Later, Thomas finds himself at a massive Steelworks factory run by two engines, Hurricane and Frankie, who invite him to stay. The next day, Thomas learns that Hurricane delivered his train to Bridlington overnight and Frankie convinces him to help out at the Steelworks to return the favour. However, they refuse to let Thomas leave and continue to force him to work for them. Thomas escapes during the night and hides with the help of an unseen Merlin. Meanwhile, back on Sodor, James is assigned to work on Thomas' branch line, but he soon grows fed up and decides to go searching for him. He comes across Hurricane, who takes him to the Steelworks.

On his way home the next day, Thomas encounters Beresford again. When he hears Frankie and Hurricane coming, Beresford hides him using his hook, only to see them taking James to the Steelworks. Thomas enlists the help of the experimental engines to rescue James. Theo and Lexi act as a diversion while Thomas and Merlin try to help James escape. The plan goes awry; a chase ensues in the Steelworks in which James is saved but Thomas is almost melted by slag.
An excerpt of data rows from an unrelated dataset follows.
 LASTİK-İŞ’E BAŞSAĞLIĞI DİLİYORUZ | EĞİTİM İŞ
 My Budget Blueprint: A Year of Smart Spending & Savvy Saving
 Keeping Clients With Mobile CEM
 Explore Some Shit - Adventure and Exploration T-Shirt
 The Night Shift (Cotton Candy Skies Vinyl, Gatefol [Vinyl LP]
Hurricane pushes Thomas out of the way, but melts his own wheels. Frankie breaks down crying and explains that she and Hurricane only enslaved Thomas and James because of the overload of work. The experimental engines decide to henceforth join them at the Steelworks. Afterwards, Thomas and James head back to Sodor and apologise to each other.

== Voice cast ==
- Rob Rackstraw as James and Troublesome Trucks
- Keith Wickham as Sir Topham Hatt
- Christopher Ragland as Jem Cole and Troublesome Trucks
- Kerry Shale as Kevin and the Troublesome Trucks
- William Hope as the Troublesome Trucks
- Teresa Gallagher as Annie and Clarabel
- John Schwab as Ulli and a Bridlington Diesel
- Nicola Stapleton as Rosie
- Sophie Colquhoun as Frankie
- Jim Howick as Hurricane
- Darren Boyd as Theo
- Lucy Montgomery as Lexi and Troublesome Trucks
- Hugh Bonneville as Merlin
- Colin McFarlane as Beresford
- Steven Kynman as some Workmen
- Rasmus Hardiker as Phillip
- David Bedella as Victor

===United Kingdom===
- John Hasler as Thomas
- Keith Wickham as Edward, Henry and Gordon
- Nigel Pilkington as Percy and Trevor
- Rob Rackstraw as Toby
- Teresa Gallagher as Emily
- Matt Wilkinson as Farmer McColl

===United States===
- Joseph May as Thomas
- William Hope as Edward, Toby, and Farmer McColl
- Kerry Shale as Henry and Gordon
- Christopher Ragland as Percy and Trevor
- Jules de Jongh as Emily

== Reception ==
Common Sense Media gave it 3 out of 5 stars, calling it a "suspenseful adventure" with "positive messages, and the addition of some spirited new characters who add fun to the tale." They noted that it was darker than other Thomas films.